To validate these expression patterns, we then confirmed that genes driven by K4me3-marked cancer-associated promoters exhibited similar tumour upregulation in an expanded microarray cohort of 185 GCs and 89 normal gastric tissues (P=5.68 × 10−6, χ2 test of proportions; Fig. 2i, Supplementary Fig. 15, Supplementary Table 5). GCs exhibiting high expression of K4me3-marked genes exhibited higher M-stages (P=0.033, Pearson’s χ2 test; Supplementary Table 6; Supplementary Fig. 16), diffuse Lauren’s histology (P=9.99 × 10−5, Pearson’s χ2 test; Supplementary Table 6; Supplementary Fig. 16), and worse overall survival compared with GCs where these genes were lowly expressed (Fig. 2j; P=0.04, log-rank test). Multivariate Cox regression analysis revealed that the survival outcomes not independent of tumour stage (P=0.74, Wald test). Genes driven by K4me3-marked promoters in GC may thus contribute to pathologic and clinical features of GC.

Genomic features of cancer associated promoters

When mapped against genomic occupancy data of 161 transcription factors (ENCODE consortium39), cancer-associated promoters exhibited a generalized depletion of previously defined transcription factor binding sites (TFBSs) (Fig. 3a, Supplementary Fig. 17, Supplementary Table 7), but a significant enrichment in SUZ12 and EZH2 binding (P=1.2 × 10−24 and P=1.1 × 10−4 for SUZ12 and EZH2, one-tailed Fisher’s exact test, Bonferroni corrected). SUZ12 and EZH2 are components of PRC2, an epigenetic regulator complex that targets key developmental genes in ESCs40. PRC2 is also involved in cancer progression41. In contrast, GC-associated predicted enhancers did not display SUZ12/EZH2 enrichment, but were associated with developmental regulators including forkhead (FOX), GATA family members and the FOS and JUN cell cycle regulators (P<0.05, one-tailed Fisher’s exact test) (Fig. 3b).

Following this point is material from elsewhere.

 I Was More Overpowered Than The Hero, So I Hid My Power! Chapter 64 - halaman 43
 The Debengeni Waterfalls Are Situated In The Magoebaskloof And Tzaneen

Figure 3: Binding site analysis of cancer-associated regulatory elements.
figure 3

(a) Frequency of ENCODE-defined TFBSs overlapping with cancer-associated promoters (gained and lost). Values are presented as the number of TFBS per 10 kb coverage. TFs were sorted according to their frequency in all K4me3-defined promoter sets. EZH2, SUZ12 and ZNF217 binding sites are enriched (P<0.05, one-tailed Fisher’s exact test). The complete TF list is presented as Supplementary Fig. 17 and Supplementary Table 7. (b) TFBS frequency in cancer-associated predicted enhancer regions. (c) Overlap analysis between ESC-defined univalent (K4me3 only, K27me3 only) or bivalent (K4me3 and K27me3) regions and GC promoters (all and cancer-associated) and GC-predicted enhancers (all and cancer-associated). Cancer-associated GC promoters exhibit an elevated proportion of bivalent regions, exceeding univalent regions (P<2.2 × 10−16, one-tailed Fisher’s exact test). (d) Genome browser view of the ONECUT2 locus as a representative cancer-associated promoter overlapping with an ESC-defined bivalent region. (e) Box plot depicting changes in DNA methylation β-values in all promoters and cancer-associated promoters (gained or lost). P-values (Wilcoxon test) are: P=7 × 10−48 (all promoters versus gained promoters); P=0.48 (all promoters versus lost promoters); P=5.37 × 10−41 (gained promoters versus lost promoters).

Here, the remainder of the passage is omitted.